Required work – Within the entries below, find the portion that opens with the line containing "Straight Washed Wide Leg Jeans - VONVEX" and closes with the line containing "Gerahmtes bilderset Geometrische". Retype that portion exactly and only.

Extracted information –
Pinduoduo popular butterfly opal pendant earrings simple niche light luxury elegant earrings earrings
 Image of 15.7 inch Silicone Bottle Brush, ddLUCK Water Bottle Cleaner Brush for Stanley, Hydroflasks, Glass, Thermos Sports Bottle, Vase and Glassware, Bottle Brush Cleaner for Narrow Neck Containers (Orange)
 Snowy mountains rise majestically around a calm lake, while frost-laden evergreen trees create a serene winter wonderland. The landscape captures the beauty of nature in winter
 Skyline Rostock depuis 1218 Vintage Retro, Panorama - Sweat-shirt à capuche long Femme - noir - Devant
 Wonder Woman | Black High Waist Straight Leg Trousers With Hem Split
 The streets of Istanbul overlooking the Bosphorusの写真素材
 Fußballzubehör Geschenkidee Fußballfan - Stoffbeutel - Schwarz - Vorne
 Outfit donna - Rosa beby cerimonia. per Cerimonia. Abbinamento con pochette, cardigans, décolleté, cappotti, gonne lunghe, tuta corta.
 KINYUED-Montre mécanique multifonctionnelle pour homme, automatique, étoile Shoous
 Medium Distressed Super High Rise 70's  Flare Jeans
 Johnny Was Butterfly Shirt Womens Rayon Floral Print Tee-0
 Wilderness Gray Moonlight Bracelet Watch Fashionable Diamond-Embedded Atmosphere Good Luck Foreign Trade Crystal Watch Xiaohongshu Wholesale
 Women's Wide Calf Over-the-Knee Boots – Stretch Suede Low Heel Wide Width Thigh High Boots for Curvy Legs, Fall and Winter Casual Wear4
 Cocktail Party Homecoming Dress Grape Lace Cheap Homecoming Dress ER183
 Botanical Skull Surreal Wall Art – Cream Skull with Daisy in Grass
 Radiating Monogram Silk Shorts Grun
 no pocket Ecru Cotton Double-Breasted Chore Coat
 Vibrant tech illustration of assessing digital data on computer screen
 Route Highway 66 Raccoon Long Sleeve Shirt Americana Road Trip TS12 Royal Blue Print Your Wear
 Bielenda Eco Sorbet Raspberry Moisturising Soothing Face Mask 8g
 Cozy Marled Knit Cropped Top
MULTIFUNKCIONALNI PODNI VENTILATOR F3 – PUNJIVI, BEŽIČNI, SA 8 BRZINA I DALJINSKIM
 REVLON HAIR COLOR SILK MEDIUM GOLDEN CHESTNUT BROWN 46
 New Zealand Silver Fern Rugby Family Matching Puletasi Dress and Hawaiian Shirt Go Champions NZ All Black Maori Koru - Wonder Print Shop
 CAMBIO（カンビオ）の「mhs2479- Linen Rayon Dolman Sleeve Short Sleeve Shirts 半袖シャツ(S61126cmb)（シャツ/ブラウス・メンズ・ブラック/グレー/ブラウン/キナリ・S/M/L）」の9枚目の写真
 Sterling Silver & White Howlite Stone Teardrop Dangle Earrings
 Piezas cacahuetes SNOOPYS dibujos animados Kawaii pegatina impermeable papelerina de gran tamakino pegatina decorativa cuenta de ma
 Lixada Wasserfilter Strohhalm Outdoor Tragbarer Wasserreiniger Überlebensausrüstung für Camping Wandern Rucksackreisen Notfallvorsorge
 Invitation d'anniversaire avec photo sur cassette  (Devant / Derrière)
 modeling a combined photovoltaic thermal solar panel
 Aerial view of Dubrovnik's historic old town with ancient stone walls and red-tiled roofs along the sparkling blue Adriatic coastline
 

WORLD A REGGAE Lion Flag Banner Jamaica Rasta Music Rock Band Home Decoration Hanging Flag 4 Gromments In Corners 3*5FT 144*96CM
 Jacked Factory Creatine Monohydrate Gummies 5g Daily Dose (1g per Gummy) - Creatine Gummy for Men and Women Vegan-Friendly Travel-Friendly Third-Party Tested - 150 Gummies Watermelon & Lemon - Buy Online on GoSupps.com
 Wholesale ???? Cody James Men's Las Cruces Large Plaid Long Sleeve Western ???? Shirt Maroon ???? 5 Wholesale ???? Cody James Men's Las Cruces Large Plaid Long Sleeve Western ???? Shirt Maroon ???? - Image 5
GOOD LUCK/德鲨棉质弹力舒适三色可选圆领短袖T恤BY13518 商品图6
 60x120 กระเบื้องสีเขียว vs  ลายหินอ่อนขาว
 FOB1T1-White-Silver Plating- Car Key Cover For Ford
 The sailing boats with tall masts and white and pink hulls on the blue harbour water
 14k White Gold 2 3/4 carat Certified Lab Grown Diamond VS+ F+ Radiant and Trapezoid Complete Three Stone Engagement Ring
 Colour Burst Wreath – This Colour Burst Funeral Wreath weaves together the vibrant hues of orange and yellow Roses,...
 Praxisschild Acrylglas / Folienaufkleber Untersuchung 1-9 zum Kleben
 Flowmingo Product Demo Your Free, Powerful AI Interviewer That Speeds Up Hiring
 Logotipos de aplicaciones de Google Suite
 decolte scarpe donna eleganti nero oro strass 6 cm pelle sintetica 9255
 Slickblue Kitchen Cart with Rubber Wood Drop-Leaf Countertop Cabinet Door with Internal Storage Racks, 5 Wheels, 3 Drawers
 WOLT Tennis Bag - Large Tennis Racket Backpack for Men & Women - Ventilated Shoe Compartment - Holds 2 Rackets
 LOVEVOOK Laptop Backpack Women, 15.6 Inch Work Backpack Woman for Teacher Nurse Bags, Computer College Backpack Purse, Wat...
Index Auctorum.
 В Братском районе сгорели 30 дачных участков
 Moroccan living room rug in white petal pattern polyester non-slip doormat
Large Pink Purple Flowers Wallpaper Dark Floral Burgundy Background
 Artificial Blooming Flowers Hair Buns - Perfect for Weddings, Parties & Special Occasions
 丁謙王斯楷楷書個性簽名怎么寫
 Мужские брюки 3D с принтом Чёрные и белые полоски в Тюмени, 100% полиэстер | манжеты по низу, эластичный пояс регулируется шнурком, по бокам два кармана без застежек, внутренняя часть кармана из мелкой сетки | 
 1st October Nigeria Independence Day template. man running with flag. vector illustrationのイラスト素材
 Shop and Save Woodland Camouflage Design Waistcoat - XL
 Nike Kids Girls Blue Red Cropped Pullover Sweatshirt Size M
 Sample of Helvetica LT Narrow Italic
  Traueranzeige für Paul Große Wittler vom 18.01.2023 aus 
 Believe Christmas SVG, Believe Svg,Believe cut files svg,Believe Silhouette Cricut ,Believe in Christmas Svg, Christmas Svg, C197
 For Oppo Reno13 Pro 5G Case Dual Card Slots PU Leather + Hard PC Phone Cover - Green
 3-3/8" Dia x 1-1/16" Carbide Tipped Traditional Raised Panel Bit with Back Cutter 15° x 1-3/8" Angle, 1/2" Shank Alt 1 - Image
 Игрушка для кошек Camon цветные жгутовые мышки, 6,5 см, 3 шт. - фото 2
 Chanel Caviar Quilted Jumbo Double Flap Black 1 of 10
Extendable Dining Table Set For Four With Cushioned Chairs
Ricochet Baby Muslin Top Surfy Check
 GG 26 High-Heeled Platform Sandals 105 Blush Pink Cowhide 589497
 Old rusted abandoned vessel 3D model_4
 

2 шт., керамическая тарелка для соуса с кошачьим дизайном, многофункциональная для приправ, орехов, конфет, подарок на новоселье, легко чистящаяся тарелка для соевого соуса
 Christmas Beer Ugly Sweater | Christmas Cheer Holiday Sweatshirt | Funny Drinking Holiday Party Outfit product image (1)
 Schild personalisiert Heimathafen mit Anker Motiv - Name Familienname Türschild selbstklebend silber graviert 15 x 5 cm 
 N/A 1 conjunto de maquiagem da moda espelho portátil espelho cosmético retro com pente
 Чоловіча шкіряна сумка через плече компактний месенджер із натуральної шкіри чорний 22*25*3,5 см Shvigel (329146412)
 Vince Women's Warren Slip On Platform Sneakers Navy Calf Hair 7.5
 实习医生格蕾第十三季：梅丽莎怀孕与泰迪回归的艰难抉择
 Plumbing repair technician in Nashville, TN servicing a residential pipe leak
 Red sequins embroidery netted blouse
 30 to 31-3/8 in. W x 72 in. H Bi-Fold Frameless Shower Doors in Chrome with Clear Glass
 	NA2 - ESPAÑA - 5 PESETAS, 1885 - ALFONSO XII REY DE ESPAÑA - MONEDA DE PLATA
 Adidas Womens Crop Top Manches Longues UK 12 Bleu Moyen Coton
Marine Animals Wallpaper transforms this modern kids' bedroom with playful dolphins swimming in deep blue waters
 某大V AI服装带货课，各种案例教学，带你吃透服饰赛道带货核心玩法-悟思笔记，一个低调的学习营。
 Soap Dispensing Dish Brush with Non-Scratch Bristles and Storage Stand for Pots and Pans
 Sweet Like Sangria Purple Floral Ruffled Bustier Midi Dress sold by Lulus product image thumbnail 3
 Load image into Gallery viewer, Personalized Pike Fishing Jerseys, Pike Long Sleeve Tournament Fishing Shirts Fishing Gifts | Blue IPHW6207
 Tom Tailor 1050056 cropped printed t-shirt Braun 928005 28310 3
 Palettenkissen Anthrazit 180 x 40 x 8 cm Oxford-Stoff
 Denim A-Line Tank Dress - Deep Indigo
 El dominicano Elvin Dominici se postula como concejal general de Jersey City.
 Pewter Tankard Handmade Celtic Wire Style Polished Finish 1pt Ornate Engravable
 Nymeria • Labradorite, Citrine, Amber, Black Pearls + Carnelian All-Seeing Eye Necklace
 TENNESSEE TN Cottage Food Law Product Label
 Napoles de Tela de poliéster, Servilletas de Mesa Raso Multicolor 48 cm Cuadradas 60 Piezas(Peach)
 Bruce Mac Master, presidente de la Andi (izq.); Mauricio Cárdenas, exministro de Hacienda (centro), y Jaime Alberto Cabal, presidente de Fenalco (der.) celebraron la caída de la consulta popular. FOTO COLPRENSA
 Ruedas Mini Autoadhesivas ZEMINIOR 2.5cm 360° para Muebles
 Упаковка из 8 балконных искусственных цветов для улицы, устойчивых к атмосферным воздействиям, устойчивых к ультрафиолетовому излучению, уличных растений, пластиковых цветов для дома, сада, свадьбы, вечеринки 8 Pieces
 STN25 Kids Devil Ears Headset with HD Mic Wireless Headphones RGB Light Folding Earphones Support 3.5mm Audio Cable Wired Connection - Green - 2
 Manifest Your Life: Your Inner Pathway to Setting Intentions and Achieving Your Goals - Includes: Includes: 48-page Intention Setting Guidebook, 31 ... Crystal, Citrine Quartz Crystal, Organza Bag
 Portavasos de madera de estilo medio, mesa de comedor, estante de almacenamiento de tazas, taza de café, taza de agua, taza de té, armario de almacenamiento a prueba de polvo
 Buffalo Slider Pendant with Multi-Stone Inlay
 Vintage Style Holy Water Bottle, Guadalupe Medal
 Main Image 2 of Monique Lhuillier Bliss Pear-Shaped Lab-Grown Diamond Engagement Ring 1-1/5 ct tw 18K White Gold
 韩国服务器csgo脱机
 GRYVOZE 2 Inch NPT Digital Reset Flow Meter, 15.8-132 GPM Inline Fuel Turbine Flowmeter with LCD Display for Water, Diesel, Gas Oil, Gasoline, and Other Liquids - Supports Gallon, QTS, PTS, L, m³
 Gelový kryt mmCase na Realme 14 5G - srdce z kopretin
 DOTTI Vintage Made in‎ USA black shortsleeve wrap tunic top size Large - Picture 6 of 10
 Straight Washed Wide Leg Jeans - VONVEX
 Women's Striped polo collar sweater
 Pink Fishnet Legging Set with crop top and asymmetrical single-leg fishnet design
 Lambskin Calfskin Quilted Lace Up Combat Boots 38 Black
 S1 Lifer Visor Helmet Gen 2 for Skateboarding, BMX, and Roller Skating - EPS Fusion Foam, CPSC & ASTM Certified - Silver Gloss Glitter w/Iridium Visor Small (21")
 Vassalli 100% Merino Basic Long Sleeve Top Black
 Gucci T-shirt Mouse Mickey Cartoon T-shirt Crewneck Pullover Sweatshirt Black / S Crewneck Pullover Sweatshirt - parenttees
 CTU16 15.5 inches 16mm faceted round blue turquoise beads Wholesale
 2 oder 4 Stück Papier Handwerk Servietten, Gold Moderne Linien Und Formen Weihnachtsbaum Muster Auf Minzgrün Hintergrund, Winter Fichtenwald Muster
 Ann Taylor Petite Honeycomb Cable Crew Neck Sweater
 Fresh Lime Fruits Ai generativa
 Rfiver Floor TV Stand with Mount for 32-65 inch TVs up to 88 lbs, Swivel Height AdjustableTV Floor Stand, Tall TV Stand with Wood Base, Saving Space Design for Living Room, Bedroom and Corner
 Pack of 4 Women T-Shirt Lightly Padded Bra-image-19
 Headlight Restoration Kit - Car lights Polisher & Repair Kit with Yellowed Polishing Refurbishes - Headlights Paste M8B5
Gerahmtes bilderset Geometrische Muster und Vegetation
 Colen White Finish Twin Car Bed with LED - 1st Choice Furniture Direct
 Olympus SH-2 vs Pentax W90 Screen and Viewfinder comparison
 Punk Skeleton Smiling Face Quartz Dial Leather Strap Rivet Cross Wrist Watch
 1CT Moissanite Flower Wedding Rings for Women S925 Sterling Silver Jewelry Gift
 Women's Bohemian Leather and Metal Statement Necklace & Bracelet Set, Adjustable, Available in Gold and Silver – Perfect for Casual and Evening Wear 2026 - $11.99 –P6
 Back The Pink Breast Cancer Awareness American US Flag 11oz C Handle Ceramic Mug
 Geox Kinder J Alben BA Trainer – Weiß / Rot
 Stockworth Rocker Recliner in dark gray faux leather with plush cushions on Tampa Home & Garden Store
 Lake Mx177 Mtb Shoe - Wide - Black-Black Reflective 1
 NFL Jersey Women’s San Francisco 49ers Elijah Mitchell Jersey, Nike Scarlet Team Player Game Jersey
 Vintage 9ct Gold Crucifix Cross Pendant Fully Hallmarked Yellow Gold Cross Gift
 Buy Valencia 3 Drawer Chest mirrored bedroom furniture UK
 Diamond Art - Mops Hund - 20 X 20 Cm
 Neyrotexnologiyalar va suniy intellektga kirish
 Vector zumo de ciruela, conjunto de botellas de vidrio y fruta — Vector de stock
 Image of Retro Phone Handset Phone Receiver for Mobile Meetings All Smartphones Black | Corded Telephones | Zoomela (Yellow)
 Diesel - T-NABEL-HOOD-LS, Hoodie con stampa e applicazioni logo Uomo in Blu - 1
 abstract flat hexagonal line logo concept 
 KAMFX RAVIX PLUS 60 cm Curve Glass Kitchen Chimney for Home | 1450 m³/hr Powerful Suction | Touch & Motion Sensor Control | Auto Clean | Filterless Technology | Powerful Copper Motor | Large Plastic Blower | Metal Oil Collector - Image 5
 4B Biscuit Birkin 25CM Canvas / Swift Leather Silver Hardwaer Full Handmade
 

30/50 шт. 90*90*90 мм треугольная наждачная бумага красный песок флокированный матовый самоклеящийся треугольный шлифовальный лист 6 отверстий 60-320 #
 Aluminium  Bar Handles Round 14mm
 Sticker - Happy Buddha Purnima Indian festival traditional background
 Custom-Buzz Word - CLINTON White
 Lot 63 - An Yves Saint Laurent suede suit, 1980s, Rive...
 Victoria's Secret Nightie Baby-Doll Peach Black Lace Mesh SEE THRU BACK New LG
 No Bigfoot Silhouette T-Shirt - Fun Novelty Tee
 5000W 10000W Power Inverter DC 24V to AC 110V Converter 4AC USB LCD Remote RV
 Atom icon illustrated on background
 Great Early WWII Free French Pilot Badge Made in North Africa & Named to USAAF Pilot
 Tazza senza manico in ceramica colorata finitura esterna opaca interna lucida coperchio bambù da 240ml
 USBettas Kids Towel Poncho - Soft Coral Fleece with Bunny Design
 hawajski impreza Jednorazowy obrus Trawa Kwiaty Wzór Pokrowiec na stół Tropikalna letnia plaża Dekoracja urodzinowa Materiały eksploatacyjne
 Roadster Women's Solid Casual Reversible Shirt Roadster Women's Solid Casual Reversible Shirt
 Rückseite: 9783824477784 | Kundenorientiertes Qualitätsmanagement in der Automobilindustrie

Problem solution –
 Straight Washed Wide Leg Jeans - VONVEX
 Women's Striped polo collar sweater
 Pink Fishnet Legging Set with crop top and asymmetrical single-leg fishnet design
 Lambskin Calfskin Quilted Lace Up Combat Boots 38 Black
 S1 Lifer Visor Helmet Gen 2 for Skateboarding, BMX, and Roller Skating - EPS Fusion Foam, CPSC & ASTM Certified - Silver Gloss Glitter w/Iridium Visor Small (21")
 Vassalli 100% Merino Basic Long Sleeve Top Black
 Gucci T-shirt Mouse Mickey Cartoon T-shirt Crewneck Pullover Sweatshirt Black / S Crewneck Pullover Sweatshirt - parenttees
 CTU16 15.5 inches 16mm faceted round blue turquoise beads Wholesale
 2 oder 4 Stück Papier Handwerk Servietten, Gold Moderne Linien Und Formen Weihnachtsbaum Muster Auf Minzgrün Hintergrund, Winter Fichtenwald Muster
 Ann Taylor Petite Honeycomb Cable Crew Neck Sweater
 Fresh Lime Fruits Ai generativa
 Rfiver Floor TV Stand with Mount for 32-65 inch TVs up to 88 lbs, Swivel Height AdjustableTV Floor Stand, Tall TV Stand with Wood Base, Saving Space Design for Living Room, Bedroom and Corner
 Pack of 4 Women T-Shirt Lightly Padded Bra-image-19
 Headlight Restoration Kit - Car lights Polisher & Repair Kit with Yellowed Polishing Refurbishes - Headlights Paste M8B5
Gerahmtes bilderset Geometrische Muster und Vegetation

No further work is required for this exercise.